Salmo 24, 4bc-5. 6-7. 8-9
Recuerda, Señor, que tu misericordia
es eterna.
Señor, enséñame tus caminos, instrúyeme en tus
sendas: haz que camine con lealtad; enséñame, porque tú eres mi Dios y Salvador,
y todo el día te estoy esperando.
Recuerda, Señor, que tu ternura y tu misericordia
son eternas; no te acuerdes de los pecados ni de las maldades de mi juventud;
acuérdate de mí con misericordia, por tu bondad, Señor.
El Señor es bueno y es recto, y enseña el camino a
los pecadores; hace caminar a los humildes con rectitud, enseña su camino a los
humildes.
De nuevo nos encontramos
en este salmo con esa petición constante que apela a la misericordia de Dios.

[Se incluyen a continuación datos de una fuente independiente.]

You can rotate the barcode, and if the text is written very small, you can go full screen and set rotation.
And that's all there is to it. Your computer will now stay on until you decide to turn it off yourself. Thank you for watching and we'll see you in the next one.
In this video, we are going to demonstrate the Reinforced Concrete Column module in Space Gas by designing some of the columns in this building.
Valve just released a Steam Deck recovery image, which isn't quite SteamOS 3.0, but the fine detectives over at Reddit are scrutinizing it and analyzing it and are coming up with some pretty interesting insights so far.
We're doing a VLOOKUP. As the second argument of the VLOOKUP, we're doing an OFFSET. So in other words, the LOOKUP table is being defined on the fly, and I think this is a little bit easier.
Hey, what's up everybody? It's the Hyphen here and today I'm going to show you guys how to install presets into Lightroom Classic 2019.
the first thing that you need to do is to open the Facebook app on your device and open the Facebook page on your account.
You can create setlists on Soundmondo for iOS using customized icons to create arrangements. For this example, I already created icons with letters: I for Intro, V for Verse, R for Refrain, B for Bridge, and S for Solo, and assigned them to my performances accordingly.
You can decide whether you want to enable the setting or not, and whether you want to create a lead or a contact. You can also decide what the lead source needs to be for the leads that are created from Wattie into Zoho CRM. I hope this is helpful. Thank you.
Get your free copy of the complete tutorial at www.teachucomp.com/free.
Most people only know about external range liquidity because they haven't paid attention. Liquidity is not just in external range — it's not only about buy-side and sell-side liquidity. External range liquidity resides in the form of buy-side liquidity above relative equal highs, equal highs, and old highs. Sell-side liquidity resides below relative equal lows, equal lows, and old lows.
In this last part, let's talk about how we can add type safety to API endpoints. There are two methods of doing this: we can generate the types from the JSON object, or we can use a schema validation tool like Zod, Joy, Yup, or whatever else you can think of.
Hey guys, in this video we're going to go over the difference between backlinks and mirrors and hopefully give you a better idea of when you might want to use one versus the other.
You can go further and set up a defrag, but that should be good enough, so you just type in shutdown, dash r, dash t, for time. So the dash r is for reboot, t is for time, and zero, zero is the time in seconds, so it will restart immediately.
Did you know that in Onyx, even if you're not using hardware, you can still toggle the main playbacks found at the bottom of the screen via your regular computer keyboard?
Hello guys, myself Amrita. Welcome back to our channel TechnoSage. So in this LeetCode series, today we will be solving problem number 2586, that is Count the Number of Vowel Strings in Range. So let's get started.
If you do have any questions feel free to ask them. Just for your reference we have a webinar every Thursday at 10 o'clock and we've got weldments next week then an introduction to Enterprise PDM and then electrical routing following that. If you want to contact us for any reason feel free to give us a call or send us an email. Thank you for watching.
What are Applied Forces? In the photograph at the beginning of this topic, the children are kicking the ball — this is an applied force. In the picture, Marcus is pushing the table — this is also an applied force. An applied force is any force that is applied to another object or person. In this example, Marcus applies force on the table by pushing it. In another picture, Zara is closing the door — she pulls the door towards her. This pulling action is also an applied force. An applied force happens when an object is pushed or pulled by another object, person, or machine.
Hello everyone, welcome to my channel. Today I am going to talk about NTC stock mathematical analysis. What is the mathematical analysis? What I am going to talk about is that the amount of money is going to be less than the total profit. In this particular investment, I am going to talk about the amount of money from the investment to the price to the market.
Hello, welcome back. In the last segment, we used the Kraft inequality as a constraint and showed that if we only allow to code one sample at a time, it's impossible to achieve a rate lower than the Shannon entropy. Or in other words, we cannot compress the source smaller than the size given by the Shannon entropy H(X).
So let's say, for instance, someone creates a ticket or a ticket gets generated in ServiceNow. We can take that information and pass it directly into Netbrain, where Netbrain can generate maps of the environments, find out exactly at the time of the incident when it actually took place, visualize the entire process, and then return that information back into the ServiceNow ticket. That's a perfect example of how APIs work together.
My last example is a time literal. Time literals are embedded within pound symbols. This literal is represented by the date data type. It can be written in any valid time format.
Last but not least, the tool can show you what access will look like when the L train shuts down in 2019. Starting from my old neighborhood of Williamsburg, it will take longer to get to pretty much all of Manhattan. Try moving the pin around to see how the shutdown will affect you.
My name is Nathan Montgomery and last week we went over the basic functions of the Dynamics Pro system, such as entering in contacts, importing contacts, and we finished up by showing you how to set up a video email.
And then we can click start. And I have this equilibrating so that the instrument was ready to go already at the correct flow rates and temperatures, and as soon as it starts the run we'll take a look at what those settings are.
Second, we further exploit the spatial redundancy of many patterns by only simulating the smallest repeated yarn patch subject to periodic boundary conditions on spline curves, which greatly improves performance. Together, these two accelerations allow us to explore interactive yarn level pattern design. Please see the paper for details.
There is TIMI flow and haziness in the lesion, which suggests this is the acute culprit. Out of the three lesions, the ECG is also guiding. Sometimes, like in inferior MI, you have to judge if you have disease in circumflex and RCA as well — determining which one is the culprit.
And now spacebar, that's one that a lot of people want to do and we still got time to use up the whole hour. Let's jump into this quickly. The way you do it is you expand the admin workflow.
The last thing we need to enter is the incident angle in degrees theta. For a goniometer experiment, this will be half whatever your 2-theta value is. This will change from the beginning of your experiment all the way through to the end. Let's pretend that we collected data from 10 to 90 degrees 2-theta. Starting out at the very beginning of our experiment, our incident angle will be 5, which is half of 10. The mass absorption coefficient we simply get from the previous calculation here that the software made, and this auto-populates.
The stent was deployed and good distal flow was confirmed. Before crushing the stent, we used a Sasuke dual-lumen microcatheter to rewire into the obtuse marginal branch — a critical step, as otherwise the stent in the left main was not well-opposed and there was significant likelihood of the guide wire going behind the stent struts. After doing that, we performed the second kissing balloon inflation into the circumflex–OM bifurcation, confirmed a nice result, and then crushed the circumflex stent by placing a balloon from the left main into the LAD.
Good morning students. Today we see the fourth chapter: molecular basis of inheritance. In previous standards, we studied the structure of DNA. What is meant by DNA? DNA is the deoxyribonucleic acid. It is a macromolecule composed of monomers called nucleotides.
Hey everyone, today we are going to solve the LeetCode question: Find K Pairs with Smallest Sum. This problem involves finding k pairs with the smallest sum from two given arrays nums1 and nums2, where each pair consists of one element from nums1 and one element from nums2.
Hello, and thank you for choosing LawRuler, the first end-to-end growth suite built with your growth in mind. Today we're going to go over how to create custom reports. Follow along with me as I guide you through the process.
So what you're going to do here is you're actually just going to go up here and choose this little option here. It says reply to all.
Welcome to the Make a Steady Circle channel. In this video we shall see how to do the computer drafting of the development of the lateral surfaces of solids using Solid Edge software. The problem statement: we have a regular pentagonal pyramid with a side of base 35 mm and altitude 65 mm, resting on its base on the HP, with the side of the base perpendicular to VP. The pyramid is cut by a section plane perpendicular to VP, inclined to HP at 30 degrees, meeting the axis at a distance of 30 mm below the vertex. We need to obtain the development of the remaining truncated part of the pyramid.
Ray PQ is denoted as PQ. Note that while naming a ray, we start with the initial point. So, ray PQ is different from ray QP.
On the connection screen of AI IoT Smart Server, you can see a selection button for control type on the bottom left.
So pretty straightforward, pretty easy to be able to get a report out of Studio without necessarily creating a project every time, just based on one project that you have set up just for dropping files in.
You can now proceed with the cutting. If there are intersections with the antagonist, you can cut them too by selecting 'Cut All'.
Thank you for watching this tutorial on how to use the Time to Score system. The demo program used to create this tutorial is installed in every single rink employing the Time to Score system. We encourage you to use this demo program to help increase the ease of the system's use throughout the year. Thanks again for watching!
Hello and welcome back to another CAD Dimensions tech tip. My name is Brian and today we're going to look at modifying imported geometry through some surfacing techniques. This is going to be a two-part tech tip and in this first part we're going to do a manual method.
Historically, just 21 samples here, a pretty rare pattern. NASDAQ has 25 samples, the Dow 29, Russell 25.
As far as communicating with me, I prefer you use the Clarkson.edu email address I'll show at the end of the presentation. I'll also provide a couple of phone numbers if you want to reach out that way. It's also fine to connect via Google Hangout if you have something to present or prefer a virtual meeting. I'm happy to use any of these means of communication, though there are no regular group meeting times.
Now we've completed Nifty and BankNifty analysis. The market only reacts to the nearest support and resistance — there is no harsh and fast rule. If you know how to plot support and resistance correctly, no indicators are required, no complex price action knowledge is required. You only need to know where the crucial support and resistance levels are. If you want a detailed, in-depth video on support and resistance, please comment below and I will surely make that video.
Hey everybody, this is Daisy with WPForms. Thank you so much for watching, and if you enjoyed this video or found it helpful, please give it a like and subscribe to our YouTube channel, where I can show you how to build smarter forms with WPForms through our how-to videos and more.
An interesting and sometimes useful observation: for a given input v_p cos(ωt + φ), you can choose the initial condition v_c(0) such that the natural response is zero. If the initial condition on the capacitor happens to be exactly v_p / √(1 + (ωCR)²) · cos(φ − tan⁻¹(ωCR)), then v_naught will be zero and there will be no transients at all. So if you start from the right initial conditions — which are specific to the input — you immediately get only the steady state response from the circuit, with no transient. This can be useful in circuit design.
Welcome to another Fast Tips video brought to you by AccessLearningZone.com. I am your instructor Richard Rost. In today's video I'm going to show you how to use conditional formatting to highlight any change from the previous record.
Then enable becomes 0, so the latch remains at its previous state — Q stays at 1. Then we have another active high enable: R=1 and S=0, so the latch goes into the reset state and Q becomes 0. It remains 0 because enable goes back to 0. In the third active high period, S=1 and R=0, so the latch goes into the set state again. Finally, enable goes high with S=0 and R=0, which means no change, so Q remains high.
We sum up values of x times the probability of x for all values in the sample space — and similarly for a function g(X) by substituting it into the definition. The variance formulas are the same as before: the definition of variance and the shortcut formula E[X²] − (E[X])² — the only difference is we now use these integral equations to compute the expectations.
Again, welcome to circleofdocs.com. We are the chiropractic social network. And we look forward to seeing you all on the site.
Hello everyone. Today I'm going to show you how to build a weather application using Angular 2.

Todos nosotros, en algún momento de nuestra vida, necesitamos comprensión y
compasión. Necesitamos que alguien nos perdone y olvide —olvide de verdad— nuestros
errores y nos dé la oportunidad de empezar de nuevo.
Esta misericordia, esta
capacidad inagotable para perdonar y olvidar, es propia de Dios. Porque los
humanos ¡somos tan rencorosos! En nuestro afán de justicia no hacemos más que
llevar las cuentas del mal, de los demás y a veces también del propio. Y así
vivimos abrumados por la culpa. Presumimos de ser justos y, en realidad, somos
jueces implacables y castigadores.
Dios es justo de otra
manera. Su justicia es esta magnanimidad asombrosa que a veces nos sorprende y
nos cuesta de creer. Su rectitud es bondad, es comprensión con nosotros, es
perdón total de nuestras faltas. Como decía un teólogo, Dios es tremendamente olvidadizo.
Pero Dios no sólo nos
limpia del mal cometido. No sólo es compasivo, sino que también es maestro. Nos
enseña de la mejor manera posible: acompañándonos en nuestro camino,
mostrándonos cómo es él para que aprendamos a actuar a imitación suya. Los
humanos no somos todopoderosos, como Dios, pero sí podemos semejarnos a nuestro
Padre en el amor y en la compasión. Él nos ha dado un alma grande, capaz de
hacerlo.
Finalmente, el salmo nos
habla de la humildad. La verdadera
humildad, como decía santa Teresa, es la verdad.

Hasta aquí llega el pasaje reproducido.